(WHAT YOU ARE ASKED TO DO):
Every line from the line containing "Olivia Rubin Cream" through the end of the data is to be reproduced exactly, excluding pictures.

(Short text fragments from websites):
* * * *
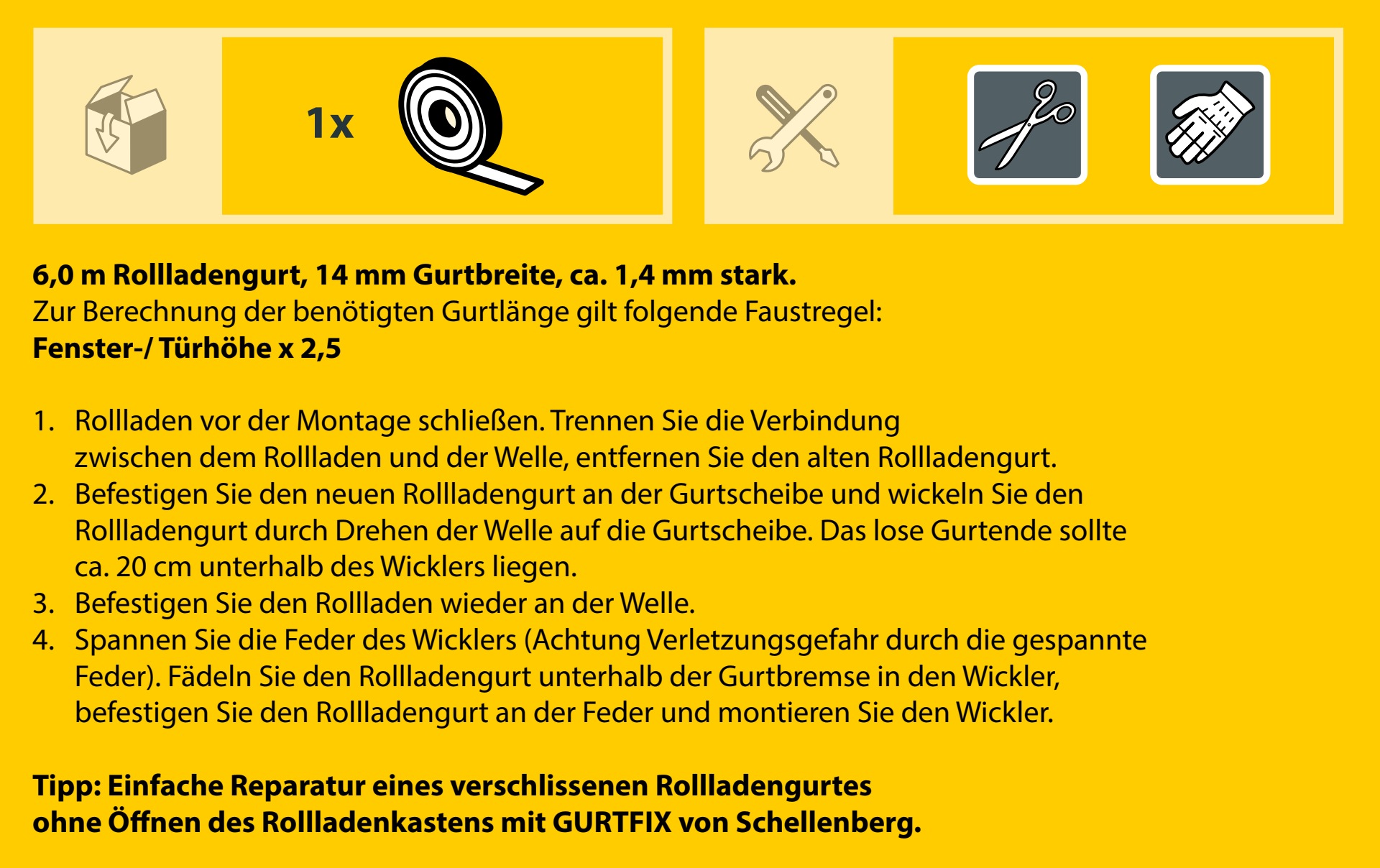 SCHELLENBERG Rollladengurt »Mini 14 mm, 6 m, zur Bedienung eines Rollladens mit Gurtwickler«, Gurtband in unterschiedlichen Farben erhältlich
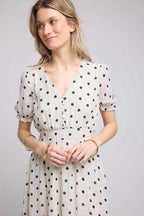 Vestido Corto De Manga Corta - Lunares Blancos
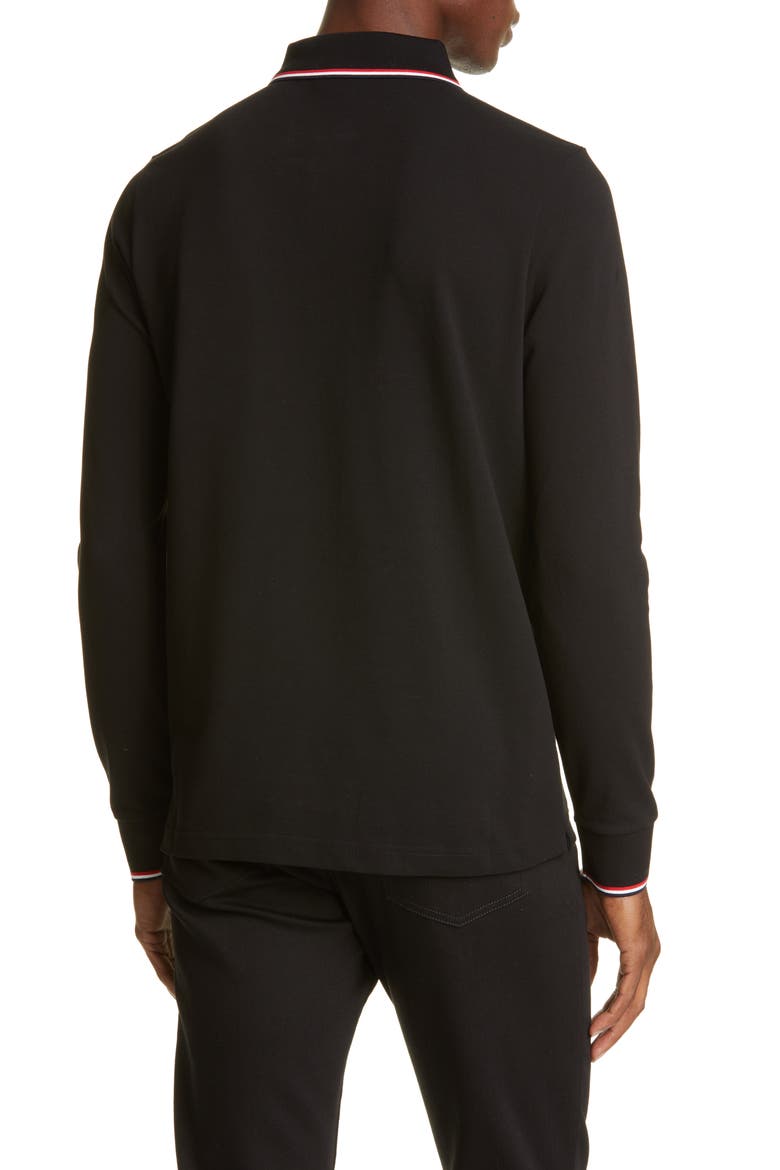 Tipped Long Sleeve Piqué Polo, Alternate, color, BLACK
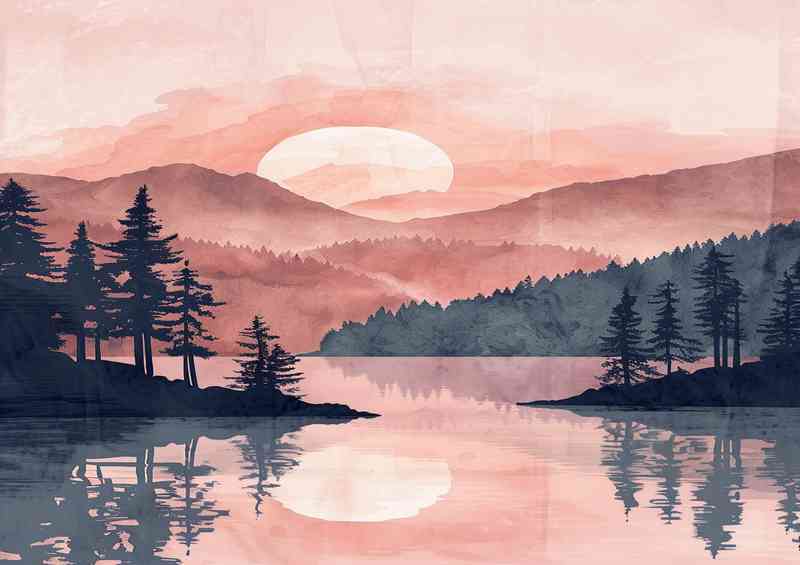 A beautiful digital illustration of the silhouette lake | Metal Poster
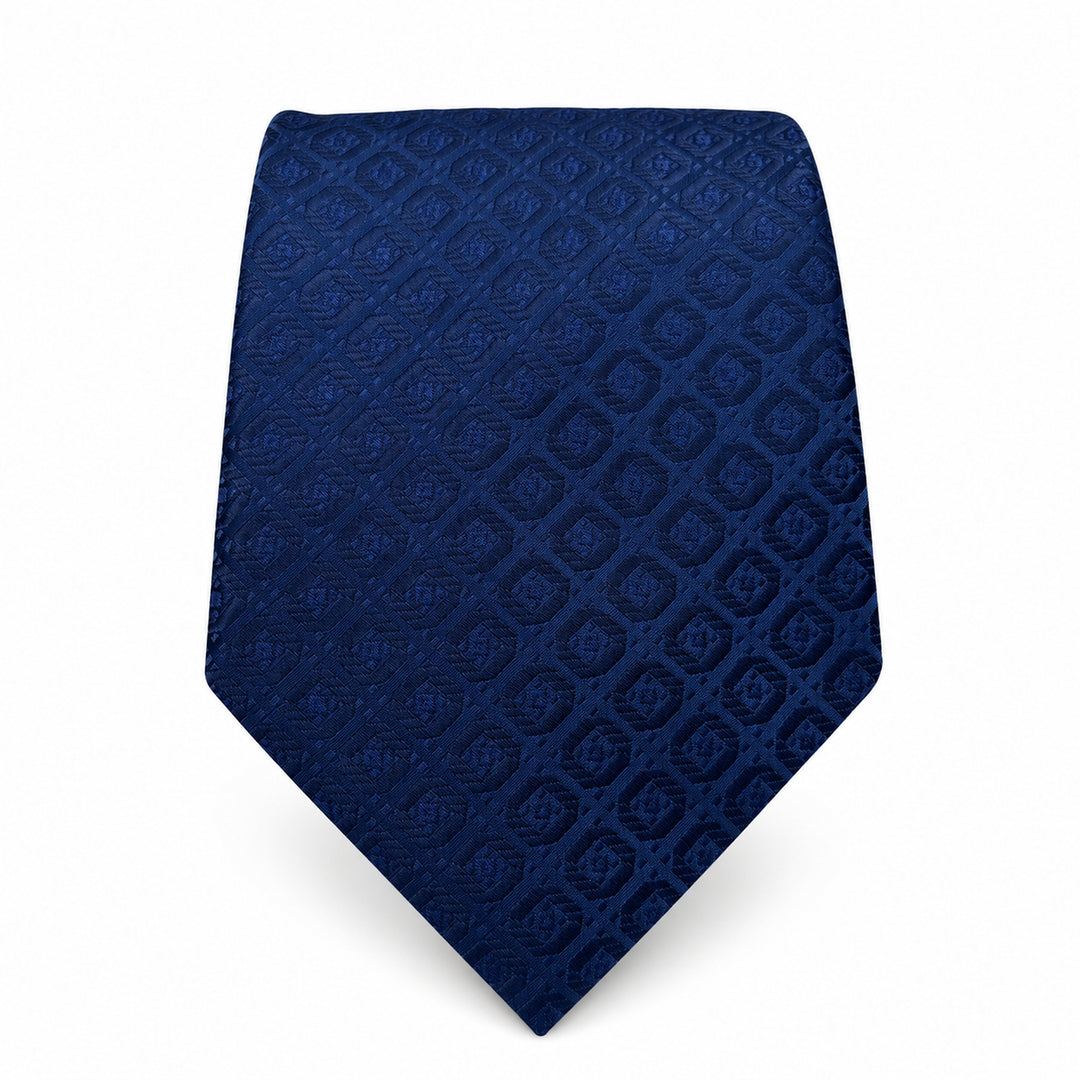 Navy Square Print Tie and Pocket Square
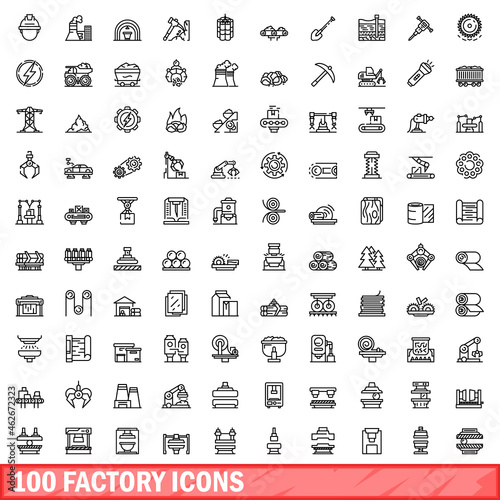100 factory icons set. Outline illustration of 100 factory icons vector set isolated on white background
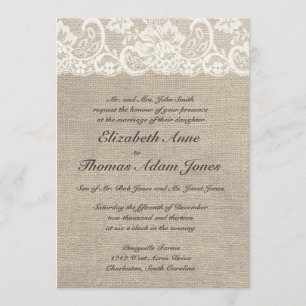 Ivory Lace et Burlap Faire-part de mariage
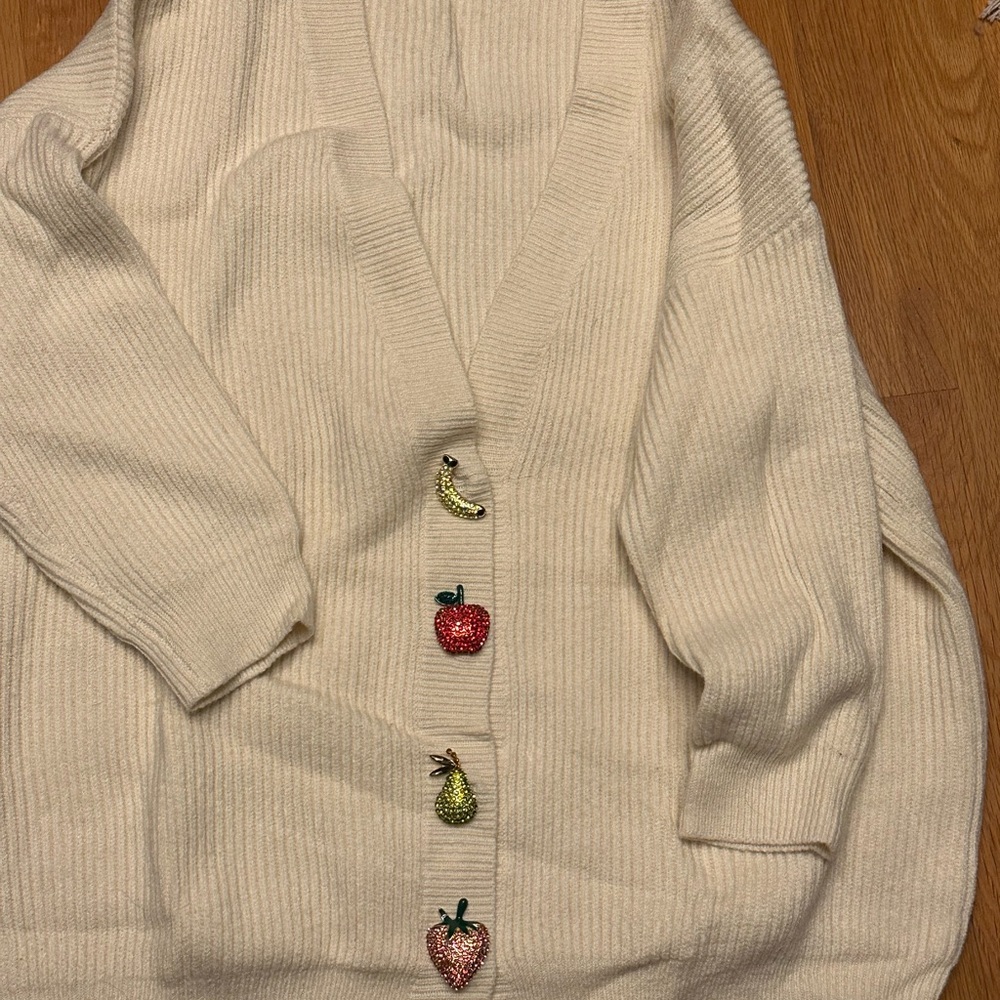 Olivia Rubin Cream Cardigan with Fruit Buttons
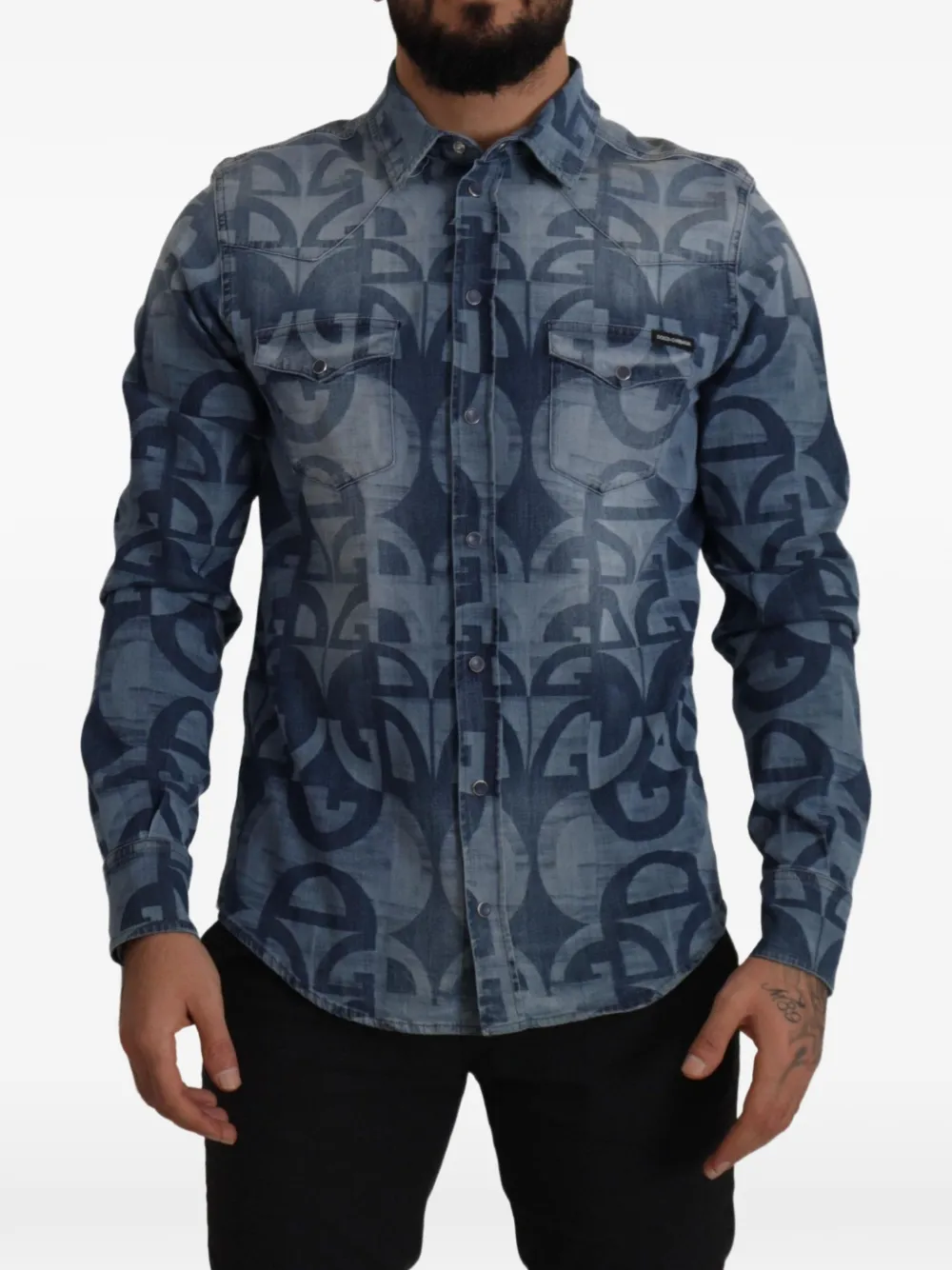 Dolce & Gabbana Denim overhemd met DG logoprint Blauw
* * * *
(WRITTEN SOLUTION):
 Olivia Rubin Cream Cardigan with Fruit Buttons
 Dolce & Gabbana Denim overhemd met DG logoprint Blauw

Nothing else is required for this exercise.